VXLAN (virtuelles erweiterbares lokales Netzwerk, Virtual eXtensible Local Area Network) adressiert die oben genannten Anforderungen der Schicht-2- und Schicht-3-Rechenzentrums-Netzwerkinfrastruktur in Gegenwart von VMs in einer Mehrbenutzer-Umgebung. Es läuft über die bestehende Netzwerkinfrastruktur und bietet ein Mittel, ein Schicht-2-Netzwerk zu "strecken". Kurz gesagt, VXLAN ist ein Schicht-2-Overlay-Schema auf einem Schicht-3-Netzwerk. Jedes Overlay wird als VXLAN-Segment (VXLAN Segment) bezeichnet. Nur VMs innerhalb desselben VXLAN-Segments können miteinander kommunizieren. Jedes VXLAN-Segment wird durch eine 24-Bit-Segment-ID identifiziert, die als "VXLAN-Netzwerkidentifikator (VXLAN Network Identifier, VNI)" bezeichnet wird. Dies ermöglicht bis zu 16 M VXLAN-Segmenten, innerhalb derselben Verwaltungsdomäne zu koexistieren.

Der VNI identifiziert den Gültigkeitsbereich des inneren MAC-Frames, der von der einzelnen VM stammt. Daher könnten Sie überlappende MAC-Adressen über Segmente hinweg haben, aber niemals Verkehr "überkreuzen", da der Verkehr unter Verwendung des VNI isoliert ist. Der VNI befindet sich in einem äußeren Header, der den von der VM stammenden inneren MAC-Frame kapselt. In den folgenden Abschnitten wird der Begriff "VXLAN-Segment" austauschbar mit dem Begriff "VXLAN-Overlay-Netzwerk" verwendet.
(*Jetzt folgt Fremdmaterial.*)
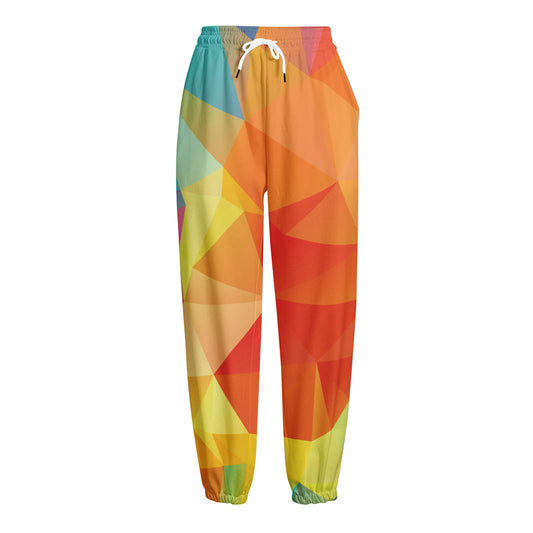 Abstract Polygonal Geometric Print Fleece Lined Knit Pants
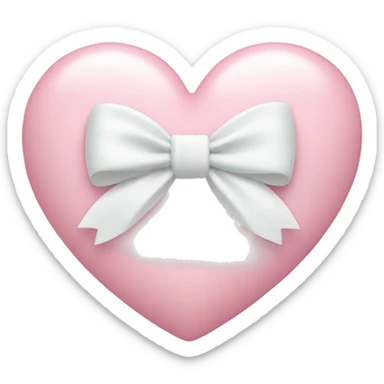 Pastel pink heart with white bow sticker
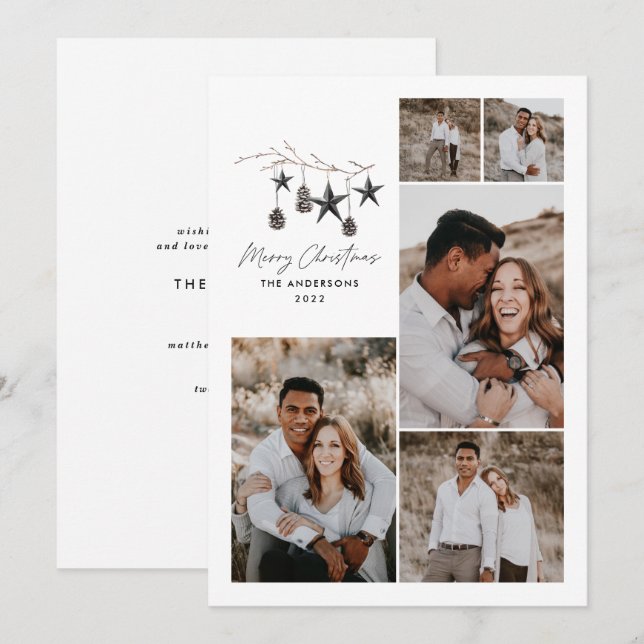 Cartes Pour Fêtes Annuelles Moderne botanique élégante noir blanc stylé holid (Devant / Derrière)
Aufgrund dieser Kapselung könnte VXLAN auch als Tunneling-Schema bezeichnet werden, um Schicht-2-Netzwerke über Schicht-3-Netzwerke zu überlagern. Die Tunnel sind zustandslos, sodass jeder Frame gemäß einer Reihe von Regeln gekapselt wird. Der Endpunkt des Tunnels (VXLAN-Tunnelendpunkt, VXLAN Tunnel End Point oder VTEP), der in den folgenden Abschnitten diskutiert wird, befindet sich im Hypervisor auf dem Server, der die VM hostet. Daher sind die VNI- und VXLAN-bezogene Tunnel-/äußere Header-Kapselung nur dem VTEP bekannt -- die VM sieht sie nie (siehe Abbildung 1). Beachten Sie, dass es möglich ist, dass VTEPs auch auf einem physischen Switch oder physischen Server sein könnten und in Software oder Hardware implementiert werden könnten. Ein Anwendungsfall, bei dem der VTEP ein physischer Switch ist, wird in Abschnitt 6 über VXLAN-Bereitstellungsszenarien diskutiert.
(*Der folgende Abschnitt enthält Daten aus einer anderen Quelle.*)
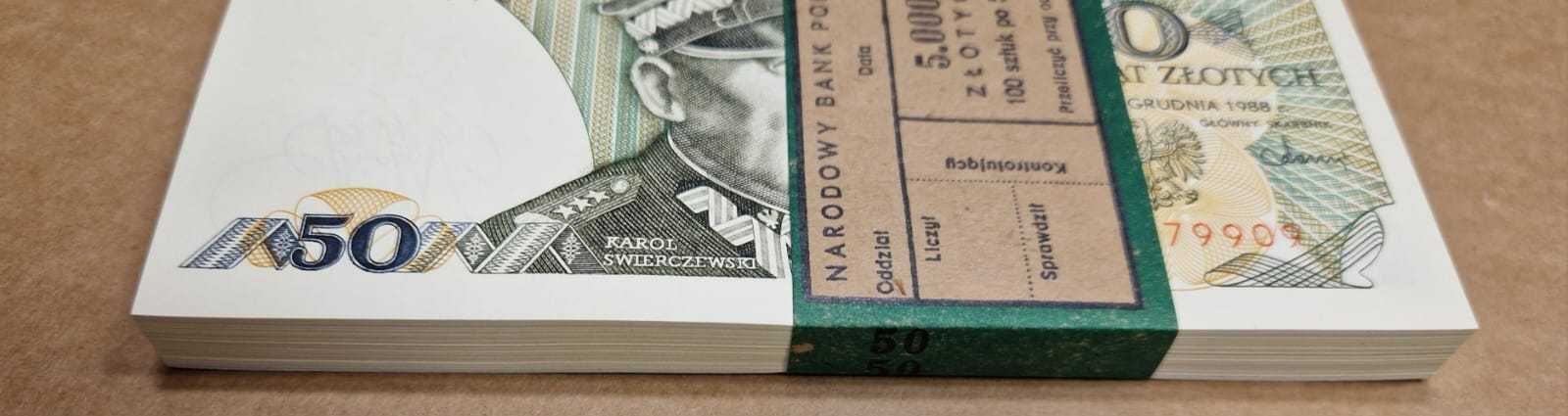 Paczka bankowa 100 x 50 zł Karol Świerczewski 1988r GG.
Die folgenden Abschnitte diskutieren typische Verkehrsflussszenarien in einer VXLAN-Umgebung unter Verwendung einer Art von Kontrollschema -- Datenebenen-Lernen (Data Plane Learning). Hier wird die Zuordnung der MAC der VM zur IP-Adresse des VTEP über Quelladresslernen entdeckt. Multicast wird zum Übertragen von Frames mit unbekanntem Ziel, Broadcast und Multicast verwendet.

Zusätzlich zu einer lernbasierten Kontrollebene gibt es andere mögliche Schemata für die Verteilung der VTEP-IP- zu VM-MAC-Zuordnungsinformationen. Optionen könnten eine zentrale Autoritäts-/Verzeichnis-basierte Suche durch die einzelnen VTEPs, Verteilung dieser Zuordnungsinformationen an die VTEPs durch die zentrale Autorität usw. umfassen. Diese werden manchmal als Push- bzw. Pull-Modelle charakterisiert. Dieses Dokument wird sich auf das Datenebenen-Lernschema als Kontrollebene für VXLAN konzentrieren.
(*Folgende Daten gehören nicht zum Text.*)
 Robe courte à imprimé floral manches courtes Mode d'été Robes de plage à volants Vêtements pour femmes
4.1. Unicast VM-to-VM Communication (Unicast-VM-zu-VM-Kommunikation)

Betrachten Sie eine VM innerhalb eines VXLAN-Overlay-Netzwerks. Diese VM ist sich VXLAN nicht bewusst. Um mit einer VM auf einem anderen Host zu kommunizieren, sendet sie wie gewohnt einen MAC-Frame, der für das Ziel bestimmt ist. Der VTEP auf dem physischen Host sucht nach dem VNI, dem diese VM zugeordnet ist. Es bestimmt dann, ob sich der Ziel-MAC auf demselben Segment befindet und ob es eine Zuordnung der Ziel-MAC-Adresse zum entfernten VTEP gibt. Wenn ja, wird ein äußerer Header, der aus einem äußeren MAC, einem äußeren IP-Header und einem VXLAN-Header besteht (siehe Abbildung 1 in Abschnitt 5 für das Frame-Format), dem ursprünglichen MAC-Frame vorangestellt. Das gekapselte Paket wird zum entfernten VTEP weitergeleitet. Bei Empfang überprüft der entfernte VTEP die Gültigkeit des VNI und ob es eine VM auf diesem VNI gibt, die eine MAC-Adresse verwendet, die mit der inneren Ziel-MAC-Adresse übereinstimmt. Wenn ja, wird das Paket seiner Kapselungsheader entledigt und an die Ziel-VM weitergegeben. Die Ziel-VM erfährt nie vom VNI oder dass der Frame mit einer VXLAN-Kapselung transportiert wurde.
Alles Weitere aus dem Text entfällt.